YOUR GOAL:
The reply needs the lines from the one containing "Limited Edition Anime" through the end of the material, each repeated exactly, and no pictures.

AVAILABLE RECORDS:

..............................

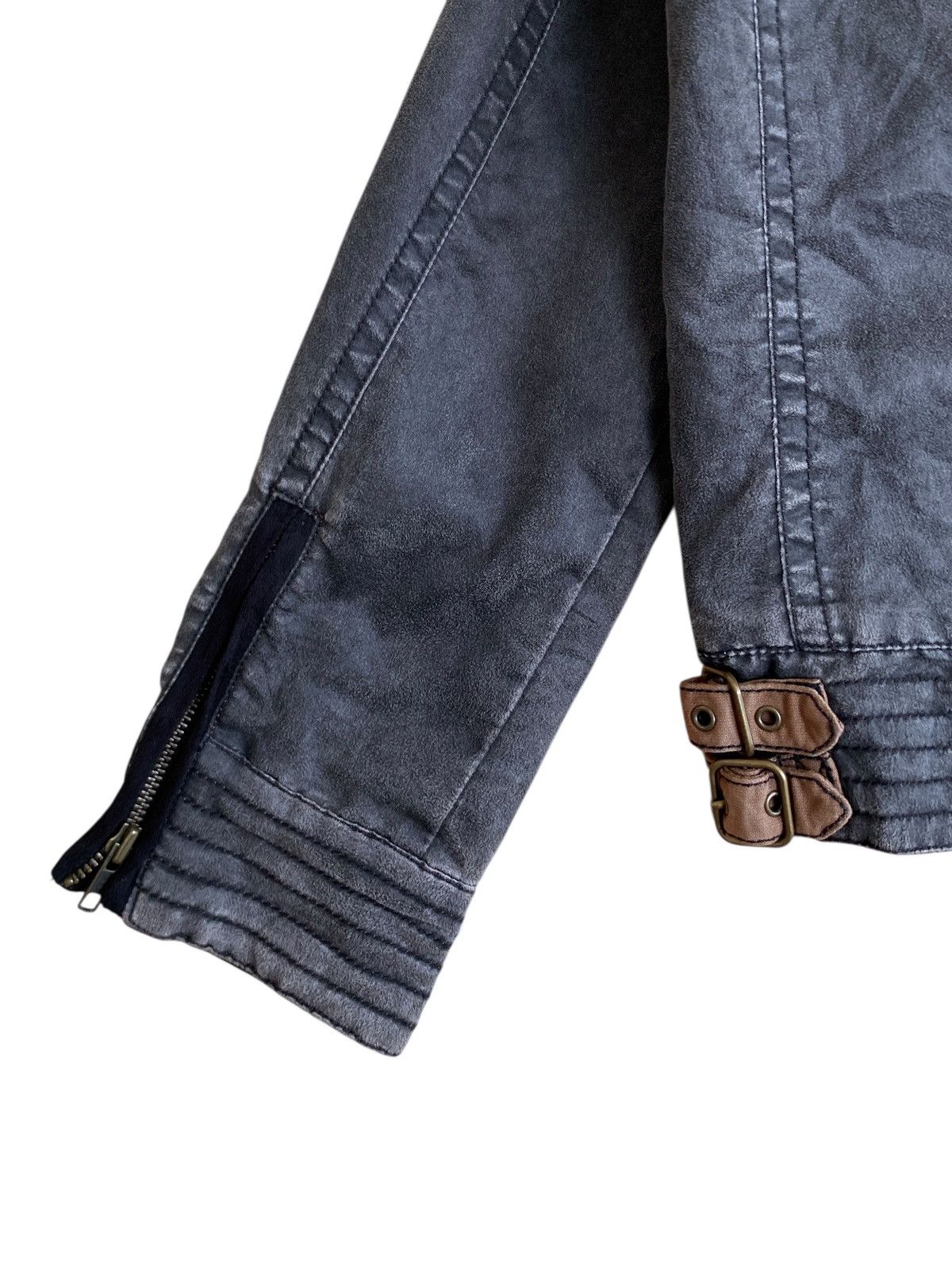 Japanese Brand Rare Design Vintage Tough Jeansmith Tactical Jacket 2000s Size US M / EU 48-50 / 2 - 8 Thumbnail
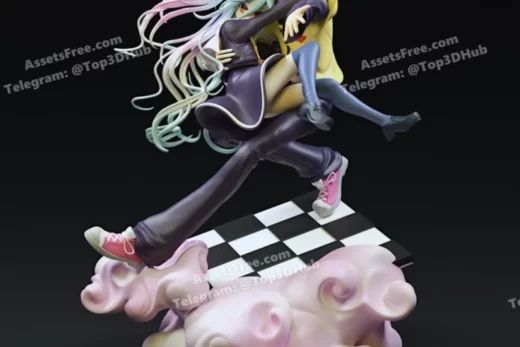 Yuki Studio 5 NO GAME NO LIFE DIORAMA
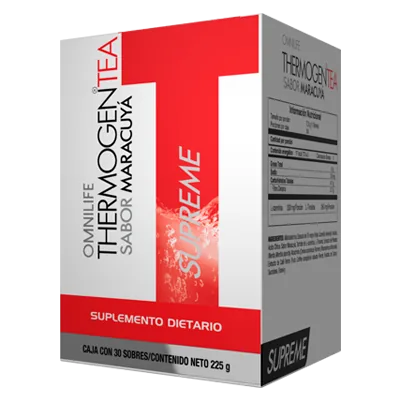 Thermogen Tea Maracuyá Supreme, código 3575609, imagen asignada por el portal de Colombia.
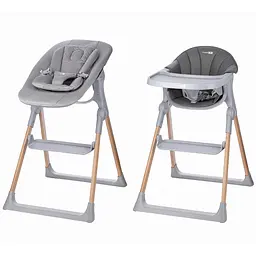 Стільчик для годування FreeON Flexi Grow 2 в 1 grey (85192)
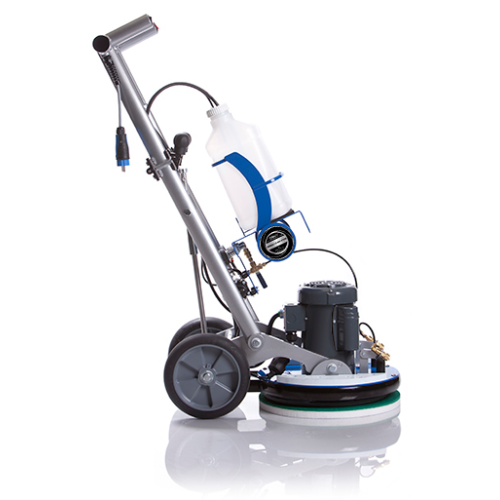 Orbot Sprayborg Floor Machine with Accessories - Safeway Supply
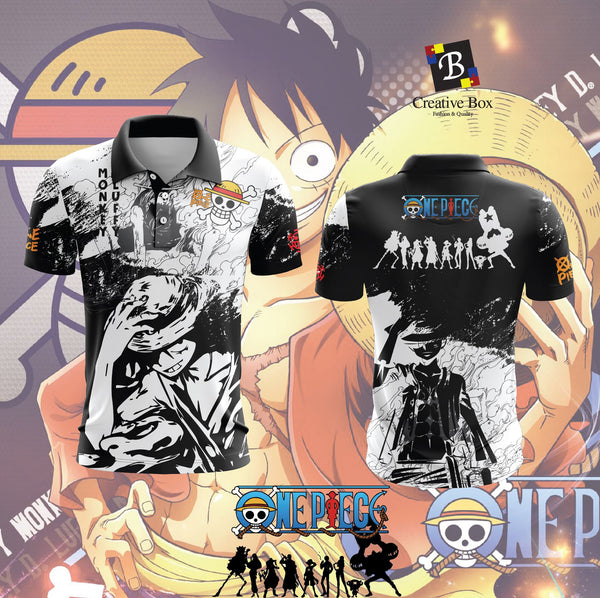 Limited Edition Anime Jacket and Jersey (One Piece) #08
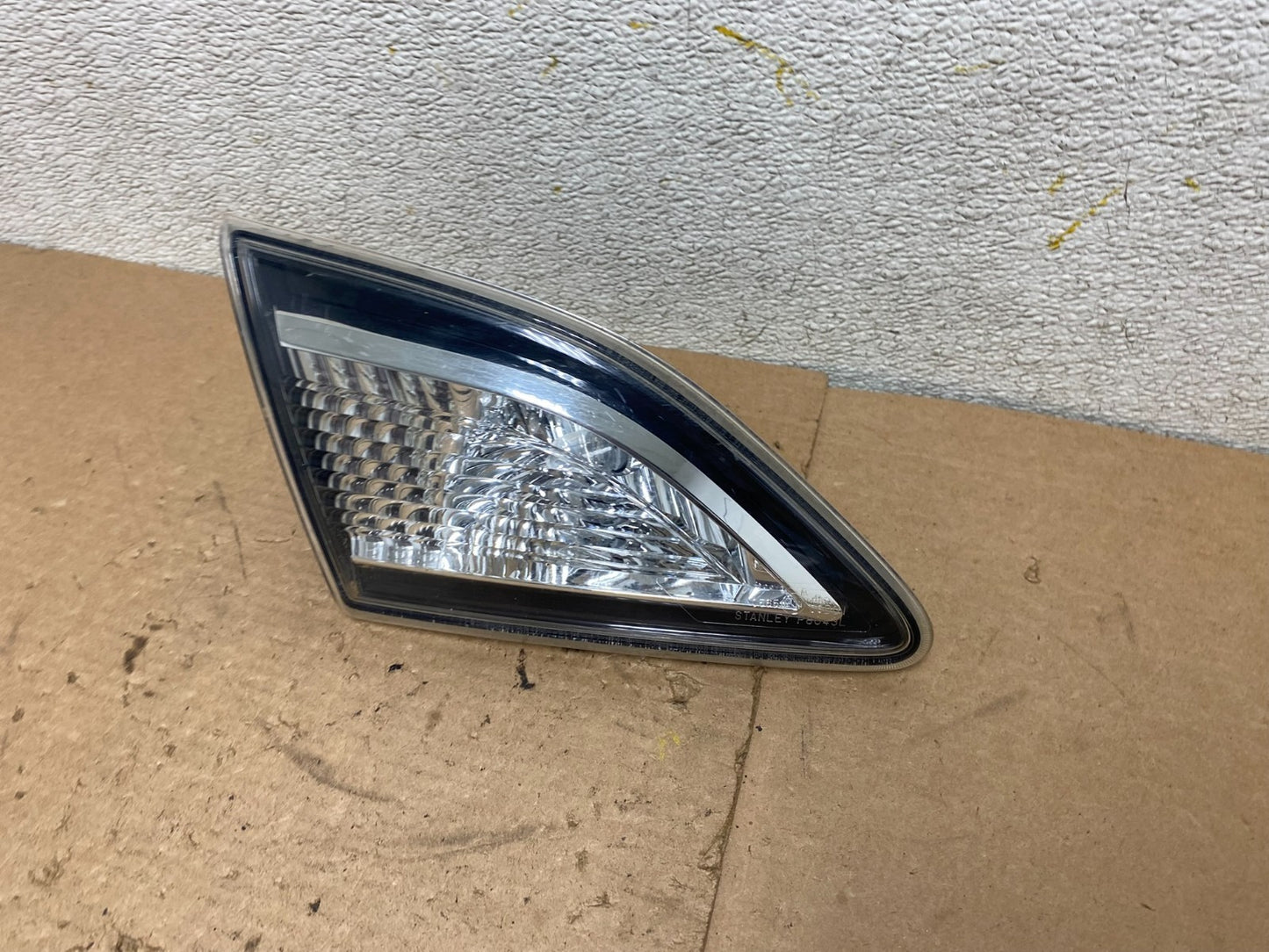 Sedan 2010-2013 Mazda 3 Left Driver LH Side Inner Tail Light OEM P5234 DW1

..............................

ANSWER TO THIS EXERCISE:
 Limited Edition Anime Jacket and Jersey (One Piece) #08
 Sedan 2010-2013 Mazda 3 Left Driver LH Side Inner Tail Light OEM P5234 DW1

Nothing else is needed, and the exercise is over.